Understanding what's running in your cloud infrastructure is important for a number of reasons—for example, security, compliance, and cost.
But sometimes, the cloud feels more like a black box that you're feeding with cash, and in turn it performs the work that makes your business run.
Even those spinning up cloud resources might only be aware of their small slice of the pie. With hundreds of thousands of interconnected resources, it is really hard to know what's going on!
Cloud inventory has become a new type of technical debt, where organizations lose track of their infrastructure and how it relates to the business. Resoto helps to break open the aforementioned black box and eliminate inventory debt.
Resoto provides a searchable snapshot of the current state of your cloud infrastructure, and can automatically react to state changes. Resoto also allows you to aggregate and visualize this data.
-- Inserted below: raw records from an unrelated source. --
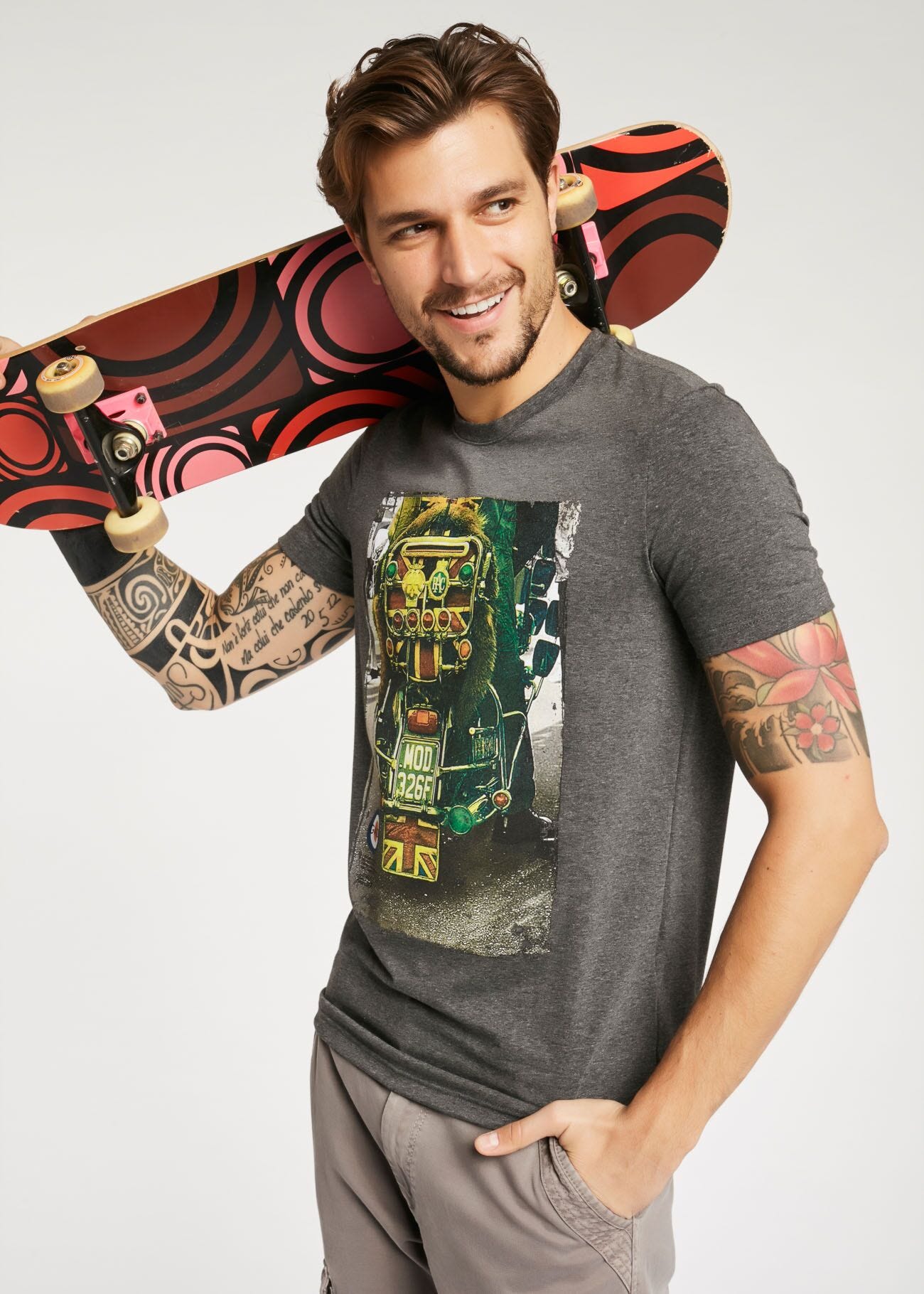 T-shirt con stampa grafica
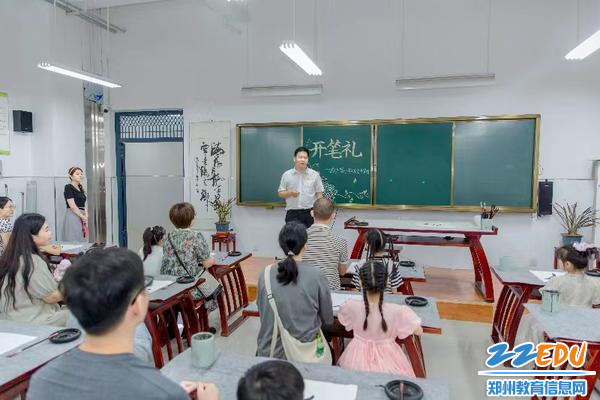 护航路小学校长曹智仁为一年级新生上开笔礼第一课。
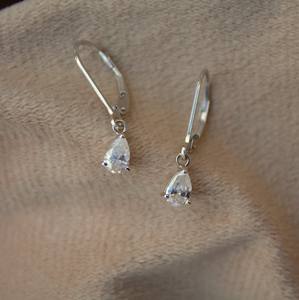 Pendientes Colgantes de Lujo para Mujer, Hechos a Mano, de Plata de Ley, con Moissanita en Forma de Pera Engastada con Garras y Cierre de Palanca, para Uso Diario - Product Image 3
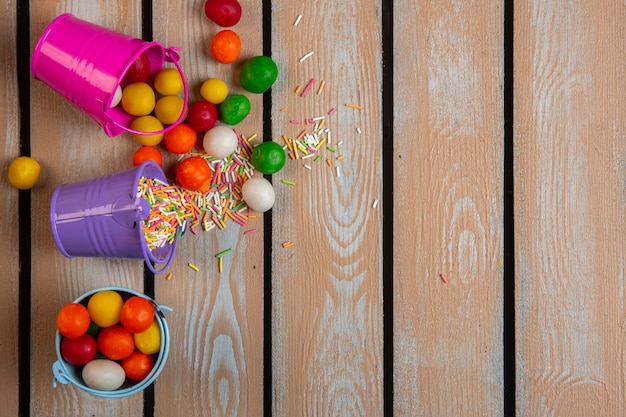 Vista superior de chispitas de colores y dulces dispersados de pequeños cubos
Here's an example of a heatmap that allows you to immediately see outliers (like when an account suddenly starts using a large number of expensive, high-core-count instances):
We can ingest this aggregated data into a time series database, such as Prometheus. This information can then be used to build diagrams illustrating cloud resources (e.g., compute instances and storage) over time.
This allows you to alert on trends—for example, if you are projected to exceed a quota or spend limit.
Another use case is to quickly identify anomalies using the 3σ rule. If cloud API credentials are leaked or an automated system goes haywire, you would immediately see the spike instead of receiving an unpleasant surprise on your next cloud bill. Best of all, it works across multiple clouds and accounts!
Resoto comes with a handy metrics component, Resoto Metrics, which takes aggregation results and exports them to Prometheus. This blog post describes how to define your own metrics, write some PromQL queries and build a simple metrics dashboard using Resoto Metrics, Prometheus, and Grafana.
Concepts and Terminology
If you are already familiar with graph and time series databases, metrics, samples, labels, Prometheus, and Grafana, please feel free to skip ahead. For those new to the cloud-native metrics ecosystem, let's get some concepts and terminology out of the way!
Collect
Resoto creates an inventory of your cloud infrastructure by storing the metadata of your cloud resources inside of a graph. This is what we call the collect
step.
Each resource (e.g., compute instance, storage volume, security group, etc.) is represented by a graph node. Nodes are connected via edges.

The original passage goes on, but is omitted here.